When someone joins the company, they have to be granted access in multiple places. More importantly, when someone leaves the company, we have to ensure their access is revoked. While we love open source, we still have code that needs to be kept confidential.
SaaS tools are generally accessible from anywhere – great! – but that means they’re not like the internal corporate systems of the past that could be made inaccessible in one fell swoop by revoking a person’s corporate network access. This is a new problem and one we have to take seriously.
To keep things in order, we have policies in place that dictate what needs to be done. Being software developers we also have a number of tools that help us police them. Our aspiration is to make all of these open source.
One of theses tools, Cleric, started life as an Innovation Time project I did in 2013. Innovation Time is our spin on Google’s famous 20 Percent Time. Being lazy, I wanted to automate away the manual drudgery of the administrative tasks I did as a manager. Of course by “lazy”, I mean in the old Three Virtues sense. I also wanted an opportunity to experiment writing green-field code in a very strict TDD fashion, so this project let me scratch two itches at once.
Cleric focuses on the administrative tasks we perform in GitHub but also ties in HipChat. It’s a command line tool because that seemed like a good lowest common denominator (and I’ll admit I’m a big CLI fan).
At a basic level, Cleric does simple things like add and remove people to GitHub teams and organizations. For instance, to add GitHub user “andrew” to team 1234 you would use the command:
cleric welcome andrew --team 1234
However, it also allows you to perform policy checks at the same time. So, for Medidata, we require a person’s public GitHub profile to include their company email address.
cleric welcome andrew --email=asmith@mdsol.com --team=1234
By baking this check into the tool, we can reduce the number of policy violations, which in real terms means fewer people having their access automatically revoked by one of the other tools that scans our GitHub organization and team memberships.
Another side of Cleric is that it can log all actions taken into a HipChat room. This helps us monitor administrative activity. Aside from letting you be plain nosey, this is useful for the pool of managers who often field requests from across the company. We can easily see in the HipChat room whether a request has already been fulfilled.
Cleric has acquired a few more tricks since I first started it. For instance, it can create a repo, assign it to a team and hook up notifications into a HipChat room all with a single command.
cleric repo create mdsol/new_repo --team=1234 --chatroom=4567
Another interesting item is the ability to check that all changes in a repo are covered by pull requests (again to help in the policing of a company policy).
cleric repo audit mdsol/suspect_repo
Cleric is undeniably rough around the edges. It’s been built out as our demand required but there’s a lot more it could do.

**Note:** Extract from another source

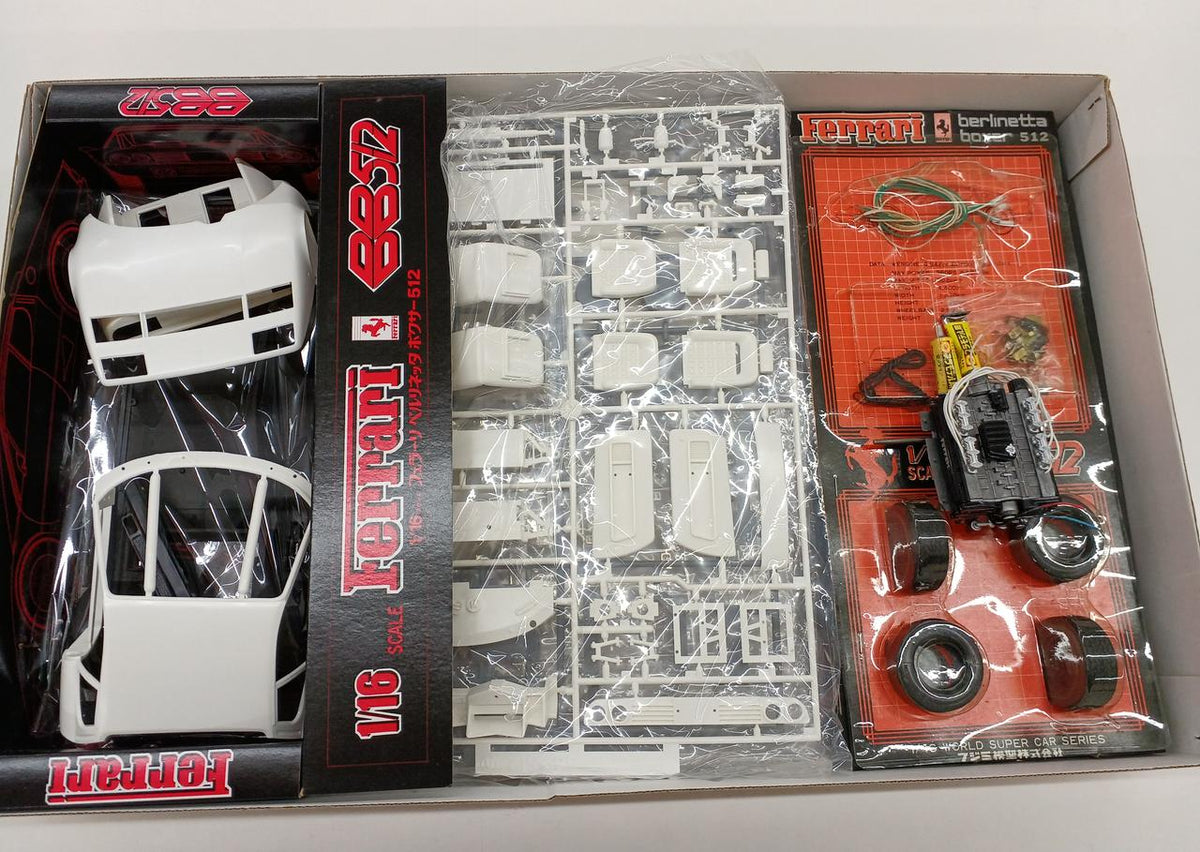 FUJIMI Ferrari BB512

It could support other source code hosting options. It could support other chat systems or log actions entirely differently. It could extend the “add” and “remove” people commands to include systems beyond just GitHub; I’ve not got around to adding integrated HipChat account creation quite yet.

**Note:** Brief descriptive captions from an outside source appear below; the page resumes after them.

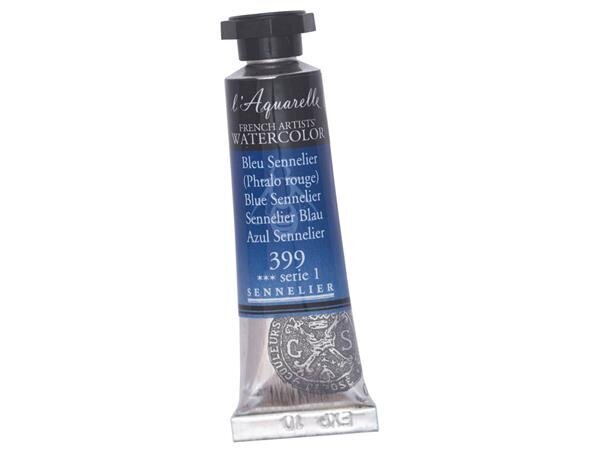 Akvareļkrāsa Sennelier l'Aquarelle 399 blue Sennelier l'Aquarelle, 10ml cena un informācija | Modelēšanas un zīmēšanas piederumi | 220.lv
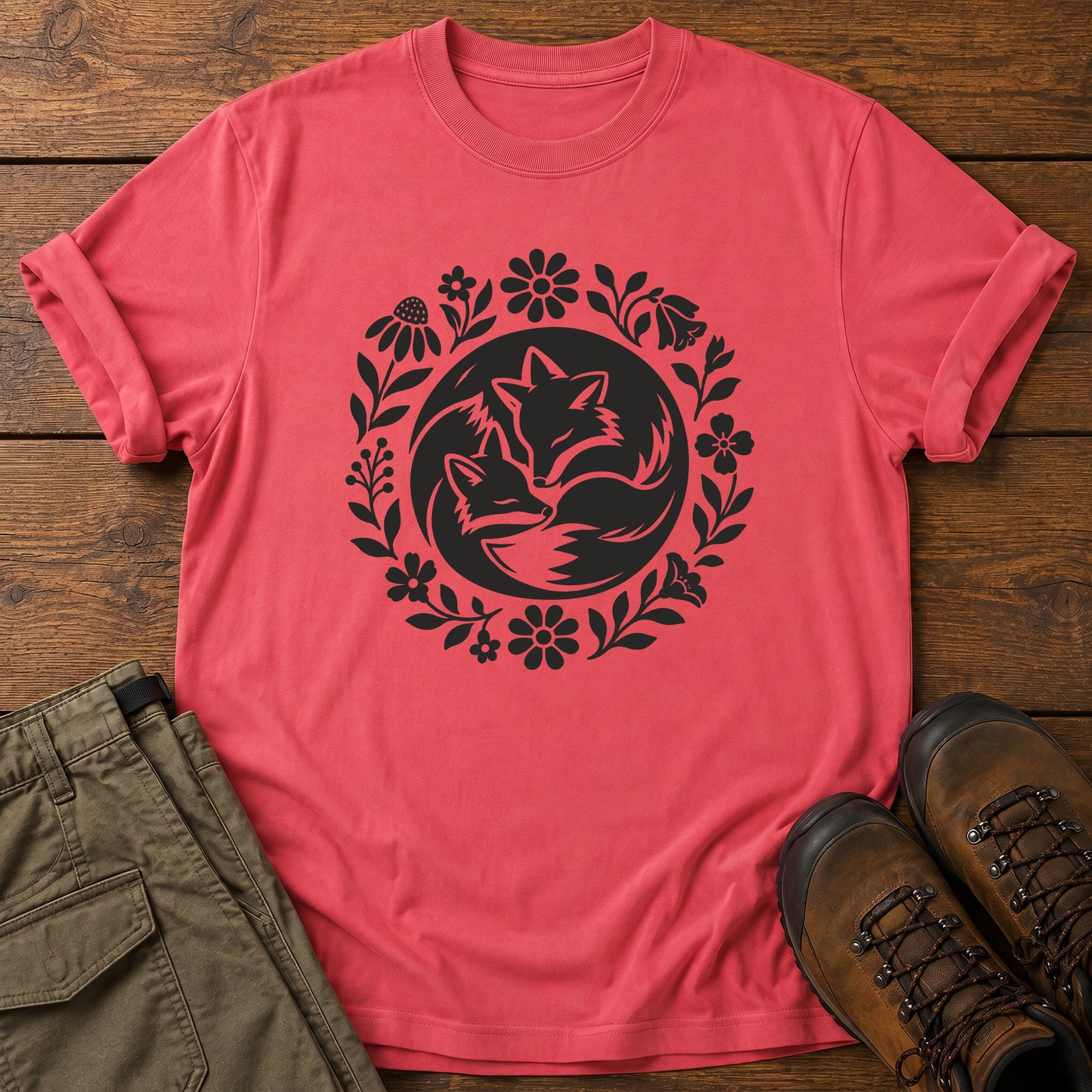 Sleeping Foxes T-Shirt
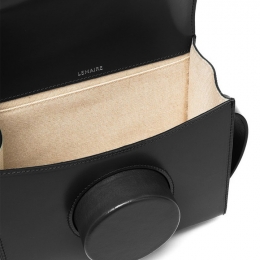 ◆당일◆22SS 스몰 레더 카메라백 블랙 BG245 LL071 999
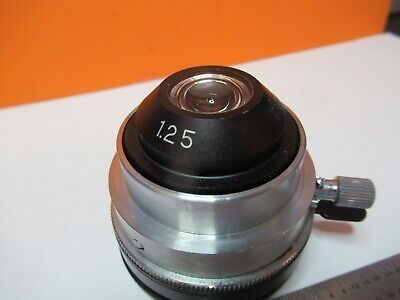 GENERIC JAPAN CONDENSER IRIS OPTICS MICROSCOPE PART AS PICTURED &5K-A-22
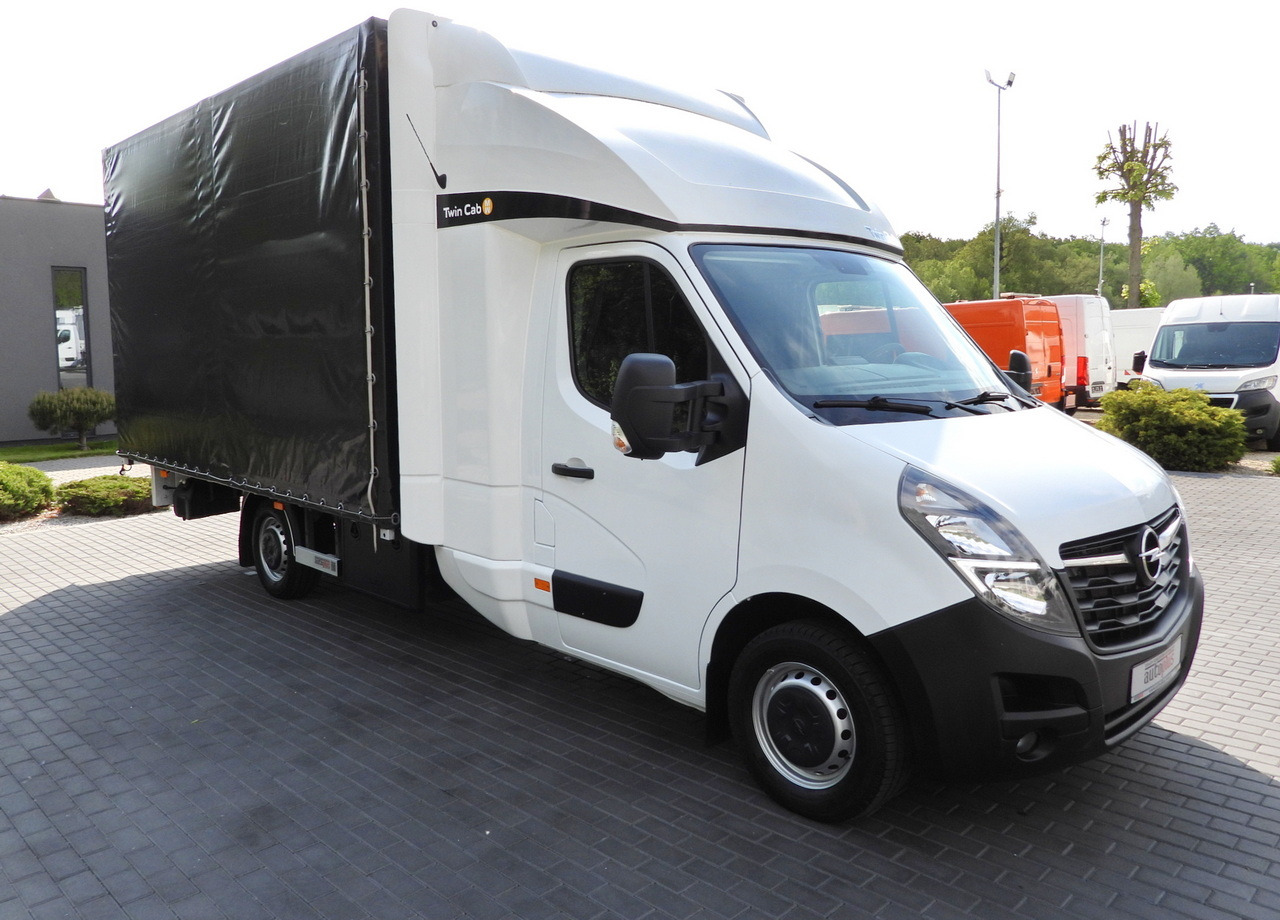 OPEL MOVANO TARPAULIN 10 PALLETS WEBASTO CRUISE CONTROL AIR CONDITIONING LED LIGHTS PNEUMATICS 165HP - Furgoneta con lona: foto 4 OPEL MOVANO TARPAULIN 10 PALLETS WEBASTO CRUISE CONTROL AIR CONDITIONING LED LIGHTS PNEUMATICS 165HP - Furgoneta con lona: foto 4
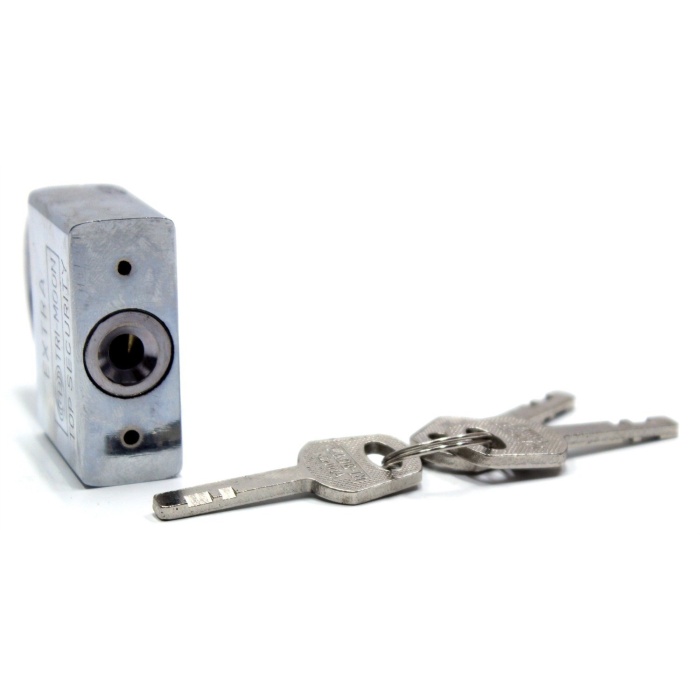 ® Akıllı Anahtarlı Asma Kilit 6lı Set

We’re hoping Cleric can be a useful base on which further administrative tools of this kind can be built. I designed its internals with extension and alternative back ends in mind. Right now it’s a CLI but perhaps its real future lies in being a library; our DevTools team has already moved our state-of-the-art on by integrating GitHub access grants into a self-service portal for our new employees to use themselves. Perhaps ChatOps is the future… who knows?
If any of this sounds interesting, help us lazy managers, we’d welcome your contributions!